In the records below, find the line containing "濮阳新闻2019年,濮阳新闻5月14日" and transcribe it and every line after it exactly; leave the pictures out.

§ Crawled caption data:
↓

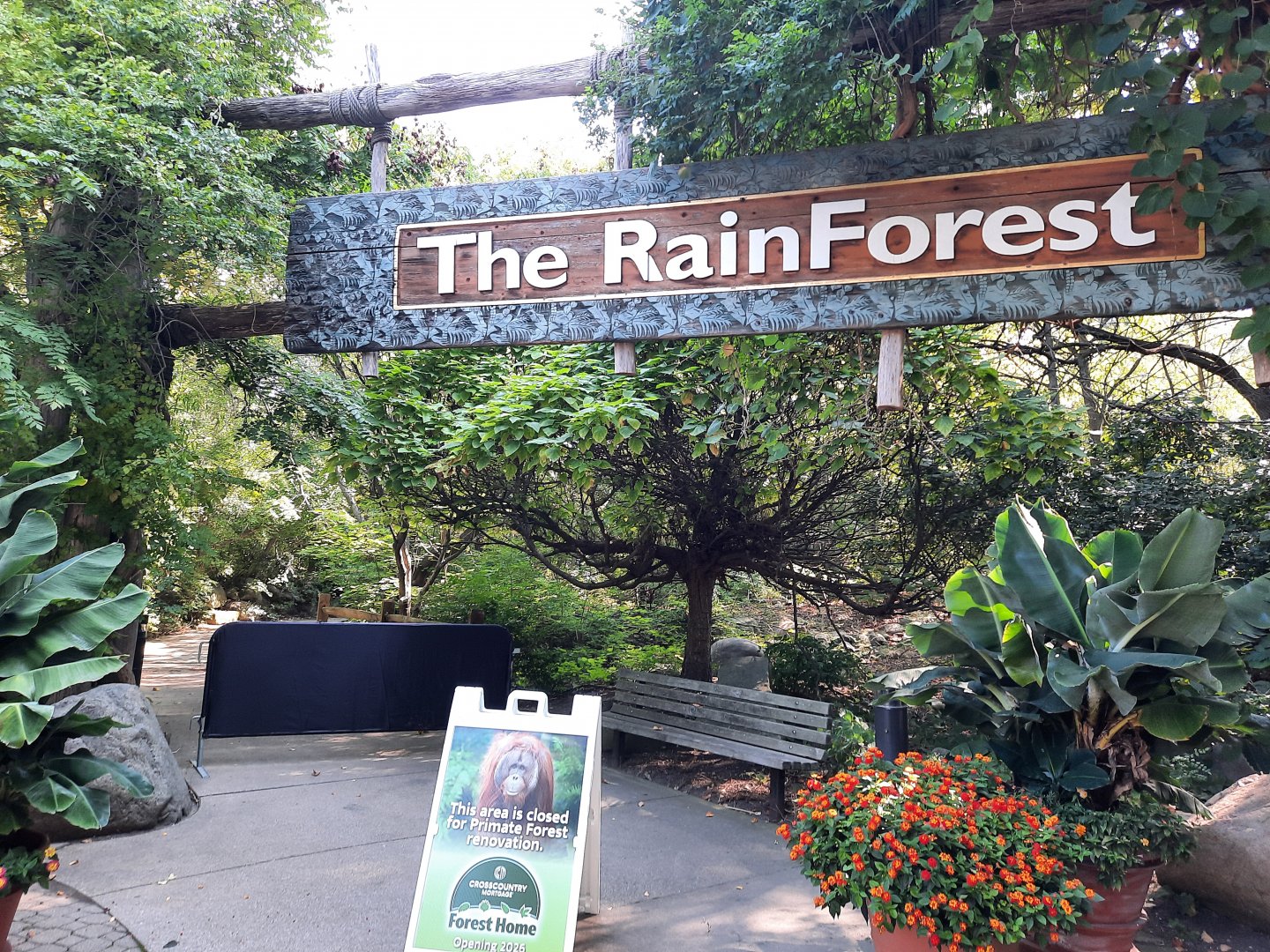 Sign of the past, Sign of the future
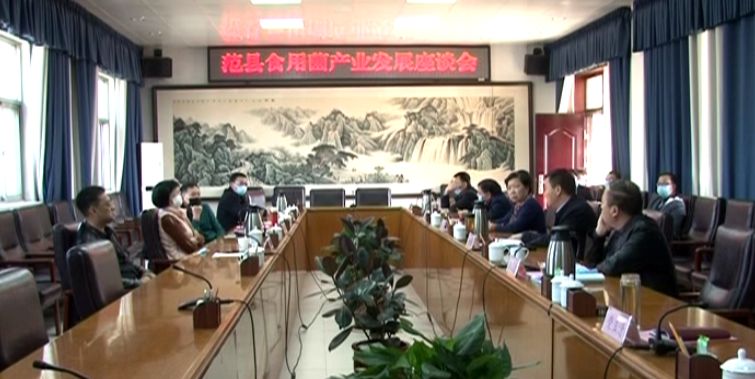 濮阳新闻2019年,濮阳新闻5月14日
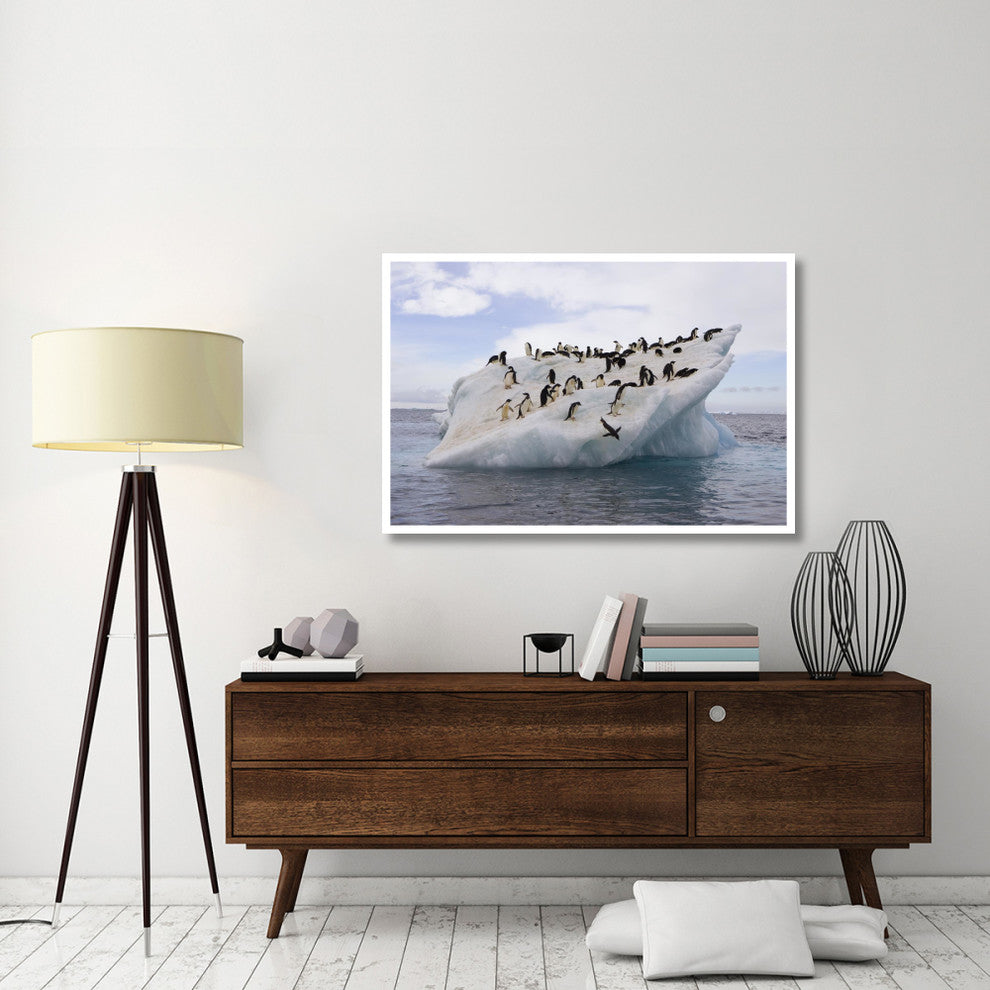 "Adelie Penguin flock on iceberg near Paulet Island" Paper Art, 50"x34"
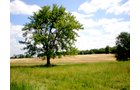 Property photo 31 - 385+/- Contiguous Acres Offered in 7 Tracts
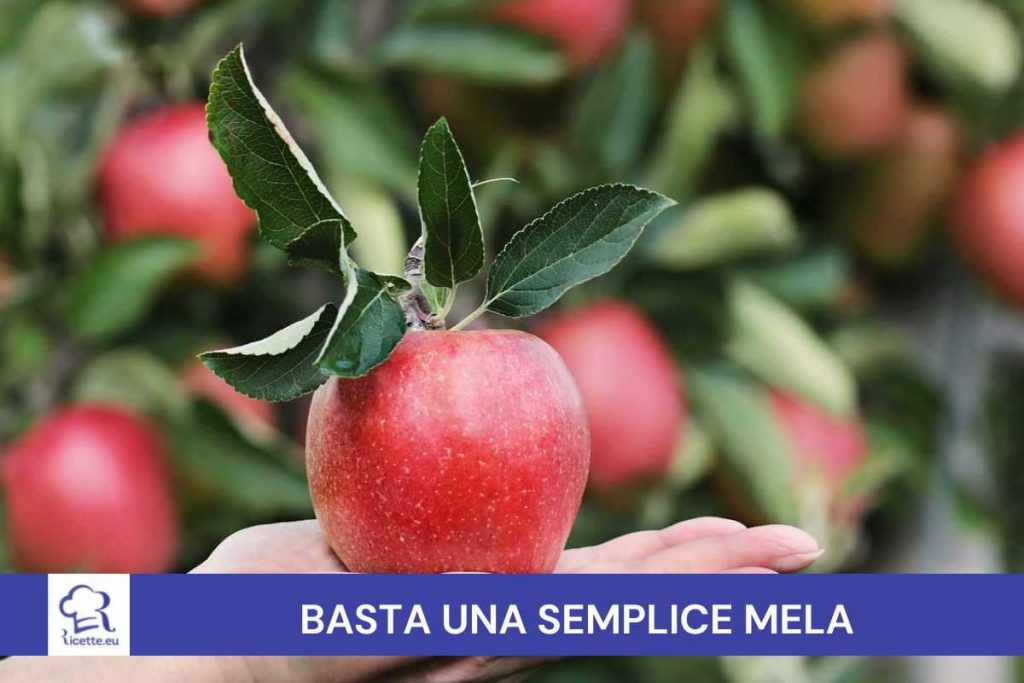 Mela semi piantina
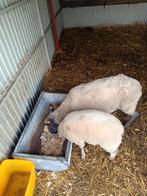 Schaap met ooilam 0476252495, Dieren en Toebehoren, Schapen, Geiten en Varkens, Schaap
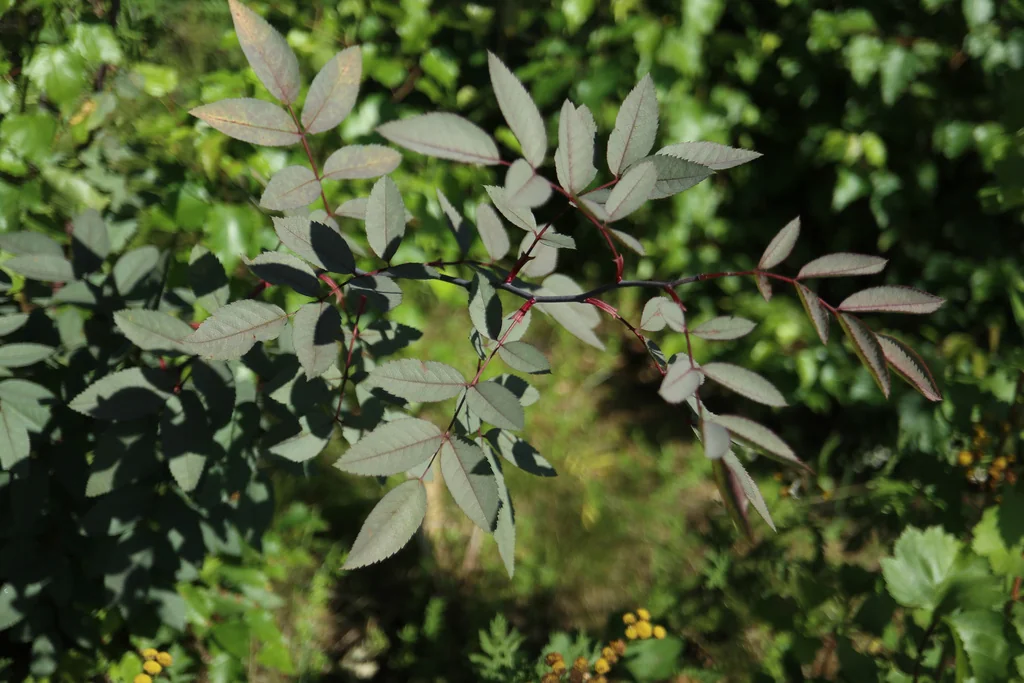 Rosa Glauca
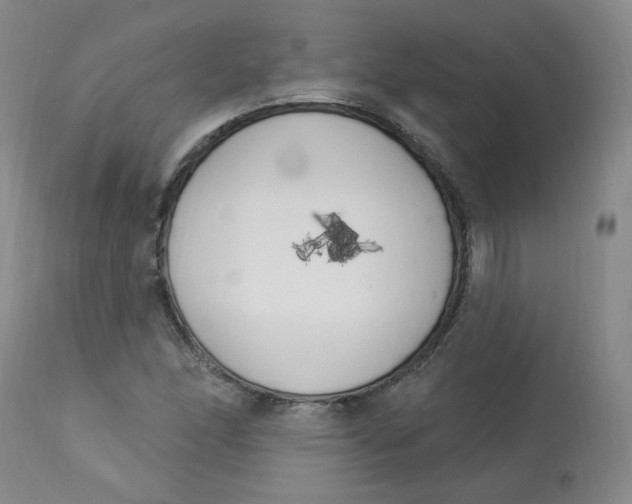 X0000112841166200909111415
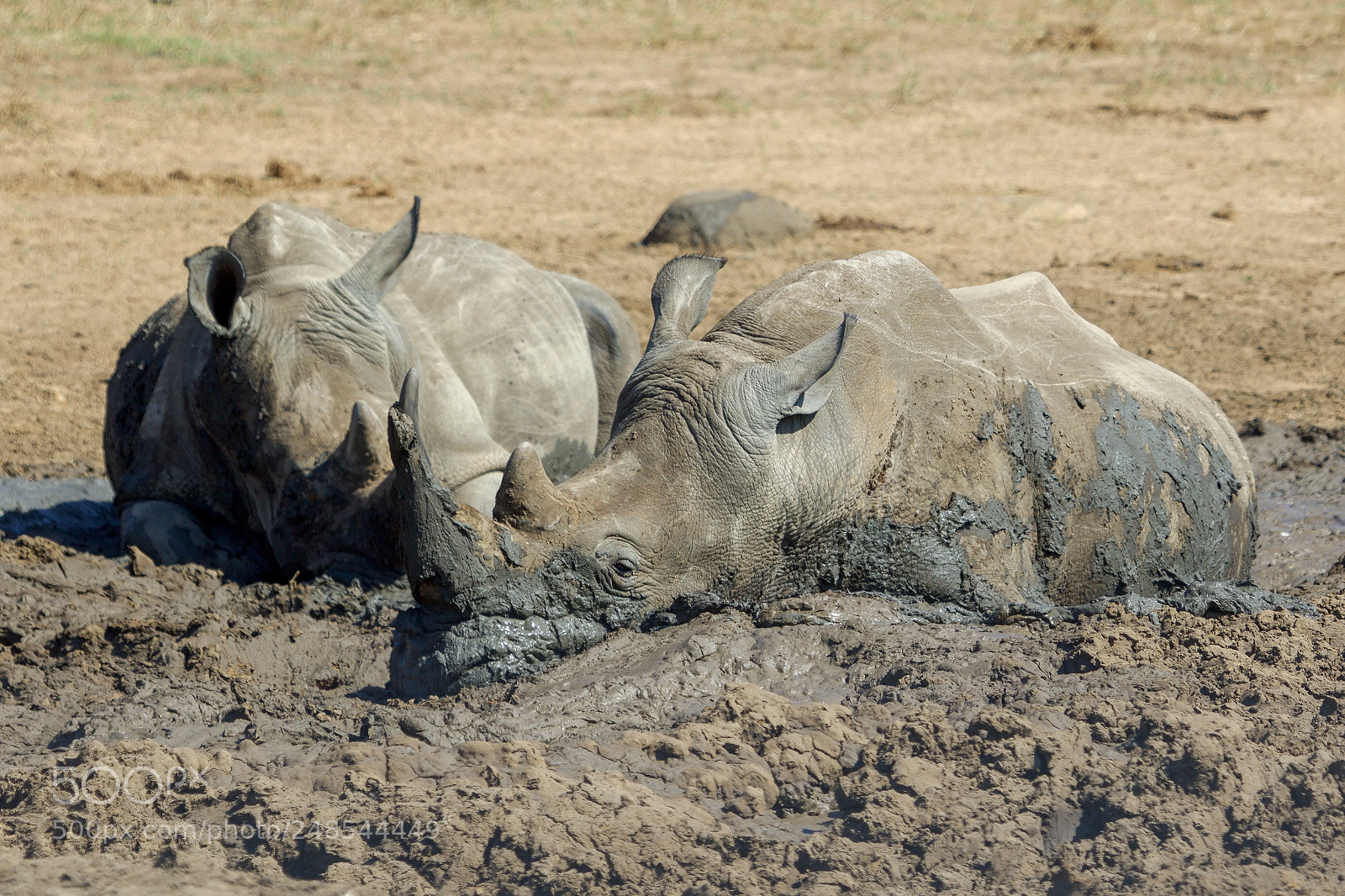 Canon EOS 7D Mark II sample photo. Rhinos in the kruger photography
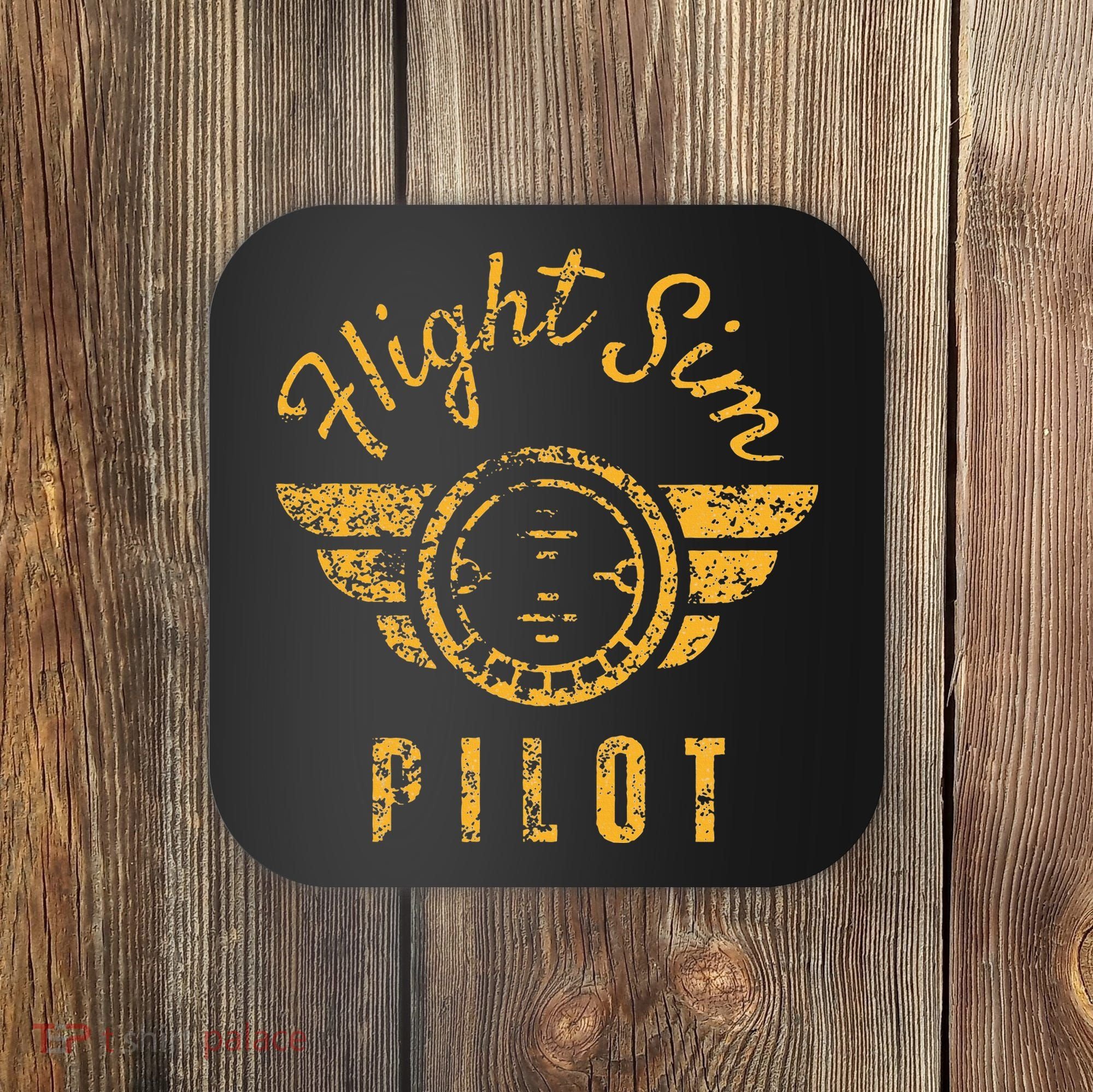 Flight Simulator Pilot Coaster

↑

§ Answer to this exercise:
 濮阳新闻2019年,濮阳新闻5月14日
 "Adelie Penguin flock on iceberg near Paulet Island" Paper Art, 50"x34"
 Property photo 31 - 385+/- Contiguous Acres Offered in 7 Tracts
 Mela semi piantina
 Schaap met ooilam 0476252495, Dieren en Toebehoren, Schapen, Geiten en Varkens, Schaap
 Rosa Glauca
 X0000112841166200909111415
 Canon EOS 7D Mark II sample photo. Rhinos in the kruger photography
 Flight Simulator Pilot Coaster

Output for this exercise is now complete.